---- EXCERPTED RECORDS

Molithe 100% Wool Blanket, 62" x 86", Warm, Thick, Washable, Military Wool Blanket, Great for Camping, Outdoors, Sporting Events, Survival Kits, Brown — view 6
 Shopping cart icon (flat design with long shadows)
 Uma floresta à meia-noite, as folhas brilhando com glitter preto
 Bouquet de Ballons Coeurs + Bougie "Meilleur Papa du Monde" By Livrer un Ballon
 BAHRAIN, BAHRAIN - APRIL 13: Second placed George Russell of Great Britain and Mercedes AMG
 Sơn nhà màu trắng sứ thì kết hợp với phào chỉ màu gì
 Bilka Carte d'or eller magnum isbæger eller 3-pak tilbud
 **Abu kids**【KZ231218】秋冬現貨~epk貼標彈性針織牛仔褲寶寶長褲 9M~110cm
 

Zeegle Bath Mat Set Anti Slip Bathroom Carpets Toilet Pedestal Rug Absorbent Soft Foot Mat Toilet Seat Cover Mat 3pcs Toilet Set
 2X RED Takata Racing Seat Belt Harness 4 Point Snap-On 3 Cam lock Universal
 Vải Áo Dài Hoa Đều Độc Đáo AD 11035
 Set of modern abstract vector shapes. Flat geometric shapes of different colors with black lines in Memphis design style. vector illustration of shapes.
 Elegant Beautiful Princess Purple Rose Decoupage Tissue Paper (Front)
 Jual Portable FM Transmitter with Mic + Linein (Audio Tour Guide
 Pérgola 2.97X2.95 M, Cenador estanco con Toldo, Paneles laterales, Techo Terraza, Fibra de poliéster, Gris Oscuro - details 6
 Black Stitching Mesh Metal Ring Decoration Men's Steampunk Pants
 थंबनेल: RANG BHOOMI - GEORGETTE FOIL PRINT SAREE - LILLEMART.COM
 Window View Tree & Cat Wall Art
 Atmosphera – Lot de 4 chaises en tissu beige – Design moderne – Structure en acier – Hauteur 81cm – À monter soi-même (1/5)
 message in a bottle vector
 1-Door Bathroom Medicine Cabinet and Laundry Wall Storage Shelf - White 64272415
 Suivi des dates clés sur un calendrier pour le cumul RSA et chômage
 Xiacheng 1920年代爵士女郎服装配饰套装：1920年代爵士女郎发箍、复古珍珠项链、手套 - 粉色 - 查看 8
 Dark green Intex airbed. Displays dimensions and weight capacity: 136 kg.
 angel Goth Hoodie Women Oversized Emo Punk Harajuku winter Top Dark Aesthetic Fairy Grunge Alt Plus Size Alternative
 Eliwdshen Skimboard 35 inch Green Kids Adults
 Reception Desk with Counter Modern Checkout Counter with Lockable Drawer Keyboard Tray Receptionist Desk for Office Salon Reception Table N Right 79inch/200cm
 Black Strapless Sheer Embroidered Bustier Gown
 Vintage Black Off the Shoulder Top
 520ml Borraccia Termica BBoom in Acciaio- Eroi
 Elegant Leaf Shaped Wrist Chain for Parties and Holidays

--------

Lines above that have "Dark": copy each of them.

 Dark green Intex airbed. Displays dimensions and weight capacity: 136 kg.
 angel Goth Hoodie Women Oversized Emo Punk Harajuku winter Top Dark Aesthetic Fairy Grunge Alt Plus Size Alternative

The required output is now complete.